Monday, July 20, 2009

A New Week and blue sky

It's a lovely clear sky and bright sunshine here today, quite a change from the weekend's rain. The rain did force the Big Lunch into the village hall, but we managed to play some games on the field between showers.

In the afternoon, before a really heavy downpour, I got out all the spent broccoli - not just centre florets but sides ones too now finished and transplanted various winter greens.

Some of the onions need lifting - the tops have gone over now. I'll lift the garlic with them - hopefully today if it stays dry; I have some wire frames I usually lay onions and garlic on, to help them dry cleanly.

Thursday, July 16, 2009

The Big Lunch

The Eden Project's project to get us all to have a picnic together - hopefully with stuff you've grown or locally sourced. It's this weekend, and guess what happens when you plan an outdoor event in Britain?? Have you seen the forecast for the weekend - oh dear!

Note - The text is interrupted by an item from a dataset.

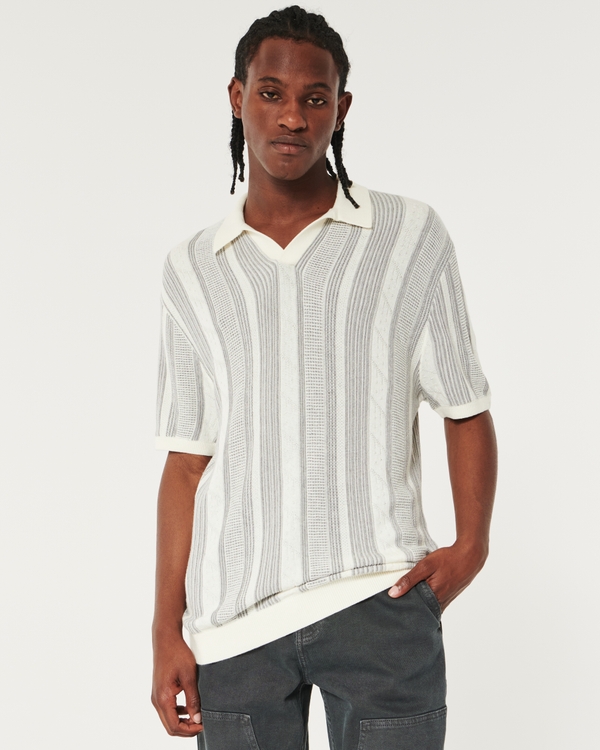 Pattern Sweater Polo, Cream Stripe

Well, we have a Big Lunch planned for the village on Sunday, lets hope everyone remembers umbrellas as well as butties.

Soft Fruit and harder facts

Last night at Garden Club we had a really useful talk on Soft Fruit - usually Mrs Soggy's domain. As a result we are planning this autumn to take up our strawberries, which really are past it (3 years is about the limit for good sized fruits) and our raspberries - as we have totally lost the plot on what variety is what - which dopes rather complicate pruning. So ground will be dug and lots of manure added and new varieties planted. We are researching now for old-fashioned varieties of strawberries - before they started breeding for non-bruising transportable ones that look good in the supermarket, yet don't taste of much.

I saw Compostwoman's post about installing solar water heating which reminded me that I had meant to post here details of a book I am reading at the moment, which I imagine anyone who thinks about the environment - and I'm sure that includes us gardeners - would be interested in. It's "Sustainable Energy - without the hot air" by David JC Mackay. You can read it online - I have it on Inter-Library loan.

Tuesday, July 14, 2009

Wet weather problems - blight and slugs

After the dry spell we've been having in England, summer now seems to be getting its revenge, maybe the weather knows we have family visiting all summer?

So, a warning - no, not about my family, they are lovely - but about wet weather. The two main things springing to mind are blight and slugs.

First late blight. Hopefully, if you garden organically, you already have the first step taken - by growing blight resistant varieties of tomatoes and potatoes. Also, keep greenhouses well ventilated, blight loves static, muggy air. Look out for brown patches appearing on tomato and potato leaves, but don't immediately assume it's blight (have a look at pictures online and compare, for example on the RHS site here).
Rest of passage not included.